Jamie Baker, a Brook Park School parent who organized the petition, called on the D95 school board to resume livestreaming their proceedings during the public comment period of the Nov. 11 school board meeting. | BOB SKOLNIK/Contributor

A few more than 100 people have signed an online petition calling on the Brookfield-LaGrange Park School District 95 Board of Education to resume livestreaming its school board meetings. 

But District 95 confirmed receipt of the petition, but school board president Katie Mulcrone said Nov. 15 that the school board does not intend to resume the practice livestreaming all its school board meetings as it had during the height of the COVID-19 pandemic.

Late last week an online petition signed by 115 people was sent to the district office. The petition asks for the school “to create a policy that implements live streaming, recording and retention of all board meetings and meeting materials, which should be posted online in a conspicuous manner for public viewing.”

Jamie Baker, the mother of a kindergartener at Brook Park School who organized the petition and two other district parents, spoke on the matter during the public comment period of the Nov. 11 meeting of the District 95 school board. Baker said the district should use some of its federal pandemic relief money to pay for the cost of livestreaming its meetings.

“Now more than ever we need transparency,” Baker said. “Use the extra funds to livestream the board meeting and invest in an adequate sound system so taxpayers and parents can actually hear what’s being spent.”

Julie Buscemi is one of the parents who signed the online petition.

“I am the parent of a BP and Gross student,” Buscemi wrote when signing the online petition. “I want to know what’s going on now and not in a month. I can’t make it to the meetings with 3 kids and a full-time job. Zoom and recorded meetings would be spectacular.”

Paul DiVittorio also signed the petition.

“Streaming these meetings cost nothing,” DiVittorio wrote. “The only reason not to do so is the keep the community in the dark regarding meeting content. The community pays for the schools. It has every right to see how its money is spent.”

Baker said she found it contradictory that the district would conduct parent-teacher conferences by Zoom but no longer livestream school board meetings.

“Funny how flexibility is being taken into account in one situation and not the other,” Baker said.

Baker used her own computer to livestream the Nov. 11 school board meeting.

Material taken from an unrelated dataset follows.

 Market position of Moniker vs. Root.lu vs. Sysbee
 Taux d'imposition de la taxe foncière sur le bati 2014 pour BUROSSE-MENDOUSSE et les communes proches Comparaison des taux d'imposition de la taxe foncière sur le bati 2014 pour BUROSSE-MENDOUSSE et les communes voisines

She said that eight to 10 people were watching online through her broadcast. Seven parents attended the meeting in person.

District 95 had livestreamed its school board meetings for much of this year until deciding last month to stop. At the October school board meeting, Superintendent Mark Kuzniewski said streaming the meetings was cumbersome, the audio was poor, technical problems were frequent and that few people watched.

“I just think Zoom itself is a difficult technology to use for our meetings because of how we’re set up,” Mulcrone said. “It’s limited on what you can hear and what you can see and obviously our meetings are better if you’re in there in person.” 

Mulcrone said few people have contacted her to ask for the meetings do be livestreamed.

“I would say very, very few people have reached out via email,” Mulcrone said. “I’ve received no phone calls. No one approached me.”

Mulcrone said she did have a telephone conversation with Baker a couple of weeks ago about the issue.

“It went from very limited contact with us to a petition,” Mulcrone said.

Mulcrone said the district would consider livestreaming certain meetings when controversial issues arise or when there is great public interest in a certain issue.

“But we at this point we do not have a plan to broadcast or Zoom our regularly scheduled meetings,” Mulcrone said.